A Cento is legitimate p̶l̶a̶g̶i̶a̶r̶i̶s̶m̶– I don’t like that word – for it has, I think, negative implications – and there is something magic and wonderful about writing a cento.

A Cento is a collage poem in which lines are borrowed from other sources. 

I would like to mention a book that is a collection of centos:  The Cento, a Collection of Collage Poems, edited by Theresa Malphrus Welford.   In the “Introduction,” she says:

Writing a cento may be a kind of extension of the act of reading, a way to prolong the pleasure.  What makes the cento so appealing a poetic for—and one with increasing popularity—is the opportunity to revel in quotations and yoke them strategically for a variety of effects beginning with surprise and humor and ending sometimes in clarity and vision.” 

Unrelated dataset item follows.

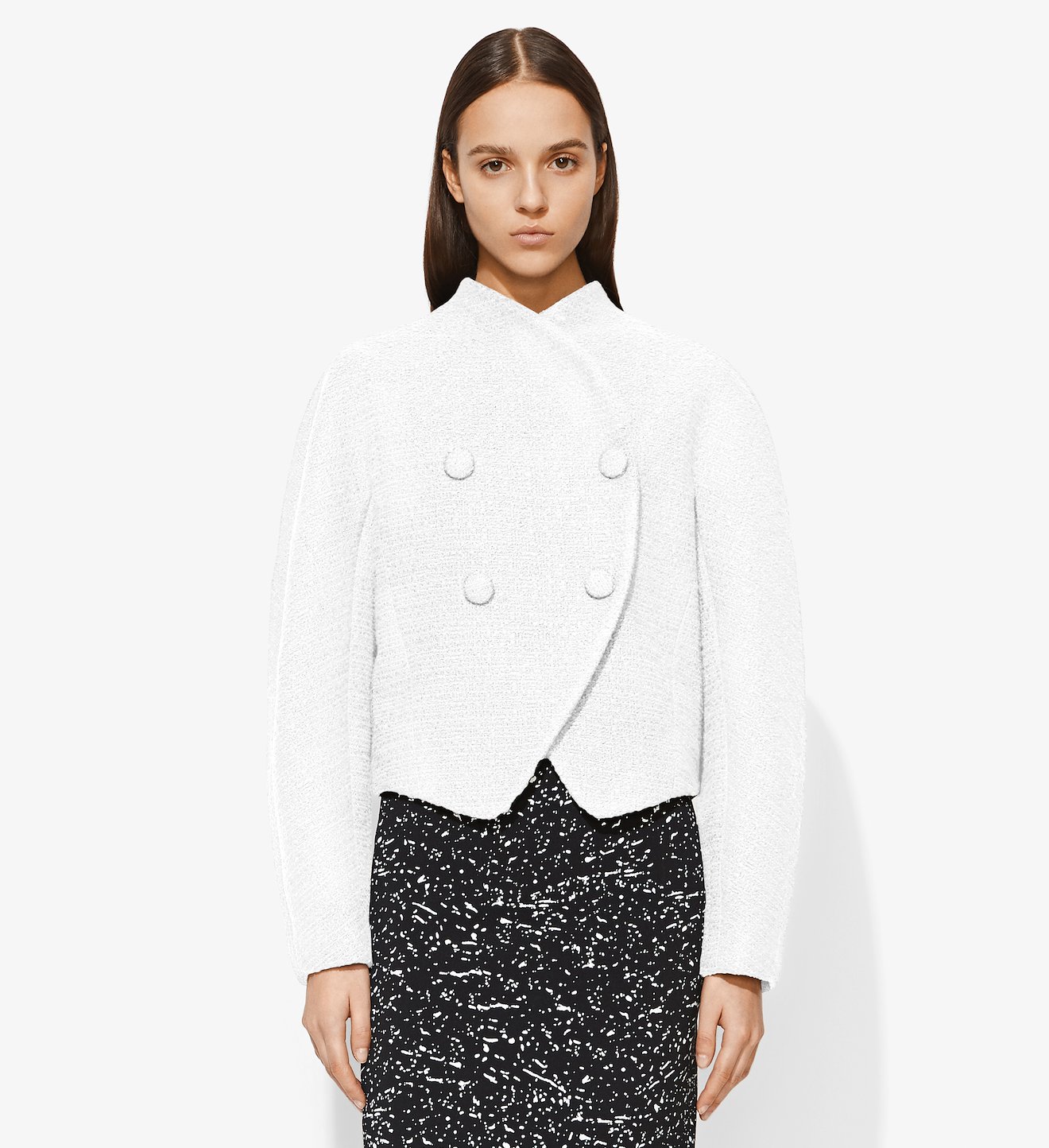 Re Edition Double Breasted Jacket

So let me see if I can celebrate a number of our authors and invite you to celebrate their work with me.

I am picking books at random – partly because my shelf of Negative Capability authors used to be neatly alphabetized – but now is rather higgledy-piggledy.  Since the proof of Barbara Henning’s new book just arrived this afternoon, I shall begin with a line from A Day Like Today and gather 10 lines.  Choose one of our lines and write a poem – or pick 10 books off your shelf and write a cento as we have done below.

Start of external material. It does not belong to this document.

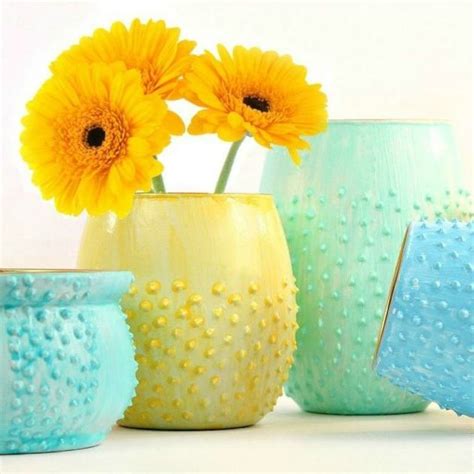 Transform Cheap Glass Vases With These 17 Stunning Ideas Flower Vase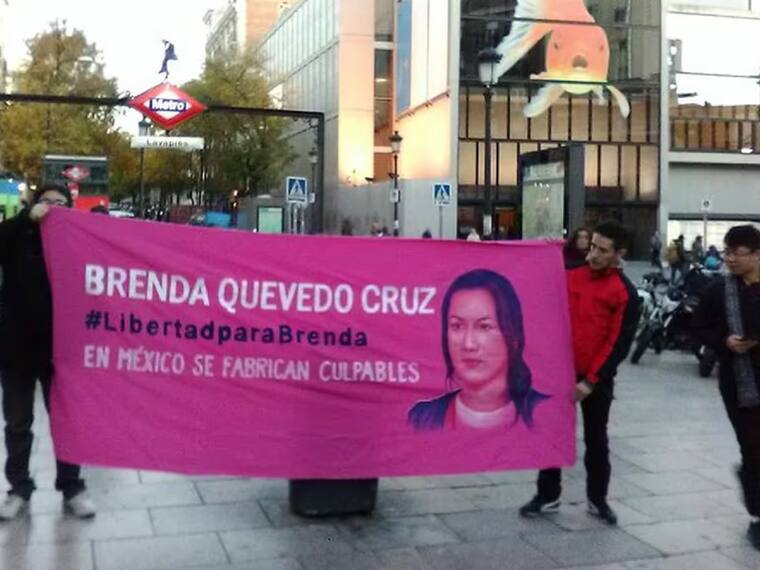 Brenda Quevedo, acusada de estar supuestamente vinculada con el secuestro de Hugo Alberto Wallace, hijo de Isabel Miranda de Wallace. 15 años sin sentencia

There’s a lot more to say;
my longing wears your name,
breath damned up into being.
After all, it’s early November, late afternoon
away from city lights, from fog or smog;
I called to you, waived my arms
coaxing the clouds to step
with Vermeer-like light
on a frozen stream—
the work of the heart.

1. Barbara Henning, “I Close My Book.” A Day Like Today
2. Michael Bassett, “Alone on Interstate 95.” Hatchery of Tongues
3. Maureen Alsop, “Inviable.”  Later, Knives & Trees
4. Lissa Kiernan, “Witness.”  Two Faint Lines In The Violet
5. John Brugaletta, “Exposed,” With My Head Rising Out Of The Water
6. Barry Marks, “I Saw Death In Your backseat.”  Dividing By Zero
7. Philip Kolin, “The Key.”   Departures
8. Betty Spence, “Light Effects.” Traces of Presence
9. Charles Bernard Rodning. Waitin’ ‘round the bend
10. Robert Gray, “Building Kingdoms.” Jesus Walks The South Land.

Thanks to our authors for these lines.